Enfin, vous parlez de désengagement de l’État, sans jamais chiffrer ce désengagement. Il serait intéressant que nous puissions définir la part de ce désengagement dans le budget de notre collectivité. Encore faut-il qu’il soit avéré et significatif ?

Enfin, et j’en termine Monsieur le Président, je ne parlerai pas aussi longtemps que vous, les collectivités locales ne peuvent s’exonérer de leur contribution au redressement des finances publiques.

Nous devons agir collectivement dans l’intérêt de nos concitoyens.
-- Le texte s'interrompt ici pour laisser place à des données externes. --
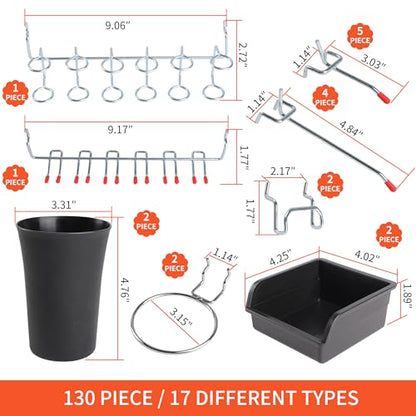 130PCS Pegboard Hooks Assortment - Peg board Hooks for Hanging Tools with Pegboard Bins & Cups,1/8-Inch Pegboard Wall Organizer - Ideal for Organizing in the Garage Kitchen Workbench Craft Room - style: 130 Pcs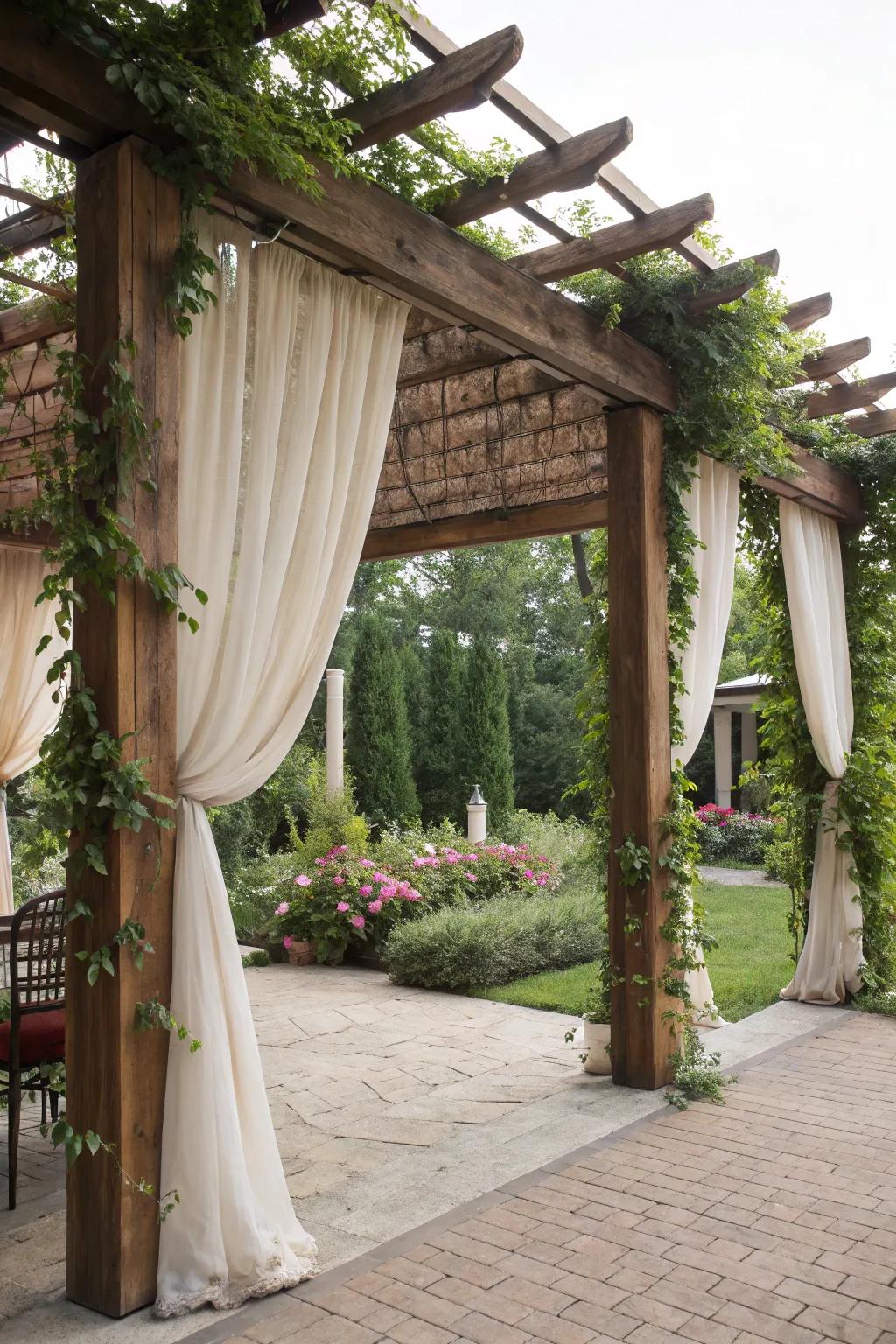 A secluded pergola with privacy curtains.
Vous n’êtes pas contraints d’augmenter la fiscalité, vous pouvez faire le choix, vous devez faire le choix responsable, de la maîtrise des dépenses publiques.

Vous devez :
- limiter les dépenses qui entrainent une hausse importante des coûts de fonctionnement de notre collectivité (vitrine touristique départementale par exemple) ;
- évaluer le retour sur investissement des très nombreuses subventions ;
- faire des choix en expliquant que tout n’est pas possible (faut-il donner 1M€ à Estuaire 2009 alors que le bilan de la précédente édition est sommaire et invérifiable, et que cette édition se prépare dans un flou total ? faut il mettre 2 M€ pour construire des pontons entre Saint Bevin et Saint Nazaire alors qu’aucune navette n’y verra le jour ?).

Faire le choix d’une augmentation de la fiscalité locale, c’est un choix de gauche, qui n’a rien à voir avec les décisions de l’État :

- Les collectivités locales ont été associées à la définition d’un maitrise de l’évolution des dépenses de personnel modérée sur les trois prochaines années : la progression limitée du point fonction publique permettra de redonner des marges de manœuvre au sein d’une progression de la masse salariale traditionnellement très dynamique.
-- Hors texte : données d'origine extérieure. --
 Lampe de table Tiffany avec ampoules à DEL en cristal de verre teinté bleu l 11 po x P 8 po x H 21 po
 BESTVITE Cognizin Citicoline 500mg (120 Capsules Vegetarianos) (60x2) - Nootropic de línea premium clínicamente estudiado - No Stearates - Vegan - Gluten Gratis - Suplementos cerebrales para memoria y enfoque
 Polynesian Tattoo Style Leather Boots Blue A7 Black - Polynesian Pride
- D’ici à 2011, l’État ne mettra pas à la charge des collectivités de nouveaux transferts de compétences au-delà de l’achèvement des transferts liés à l’acte II de la décentralisation.

- L’État a souhaité que soit créée une commission d’évaluation des normes au sein du comité des finances publiques.

Enfin, votre inaptitude à gérer en bon père de famille ce département, ne doit pas avoir de conséquences sur les relations que nous avons avec l’État et la Région. Il vous faut absolument retrouver la raison, régler les problèmes de la maison socialiste afin de disposer d’un projet, d’une ligne politique claire pour enfin être constructifs.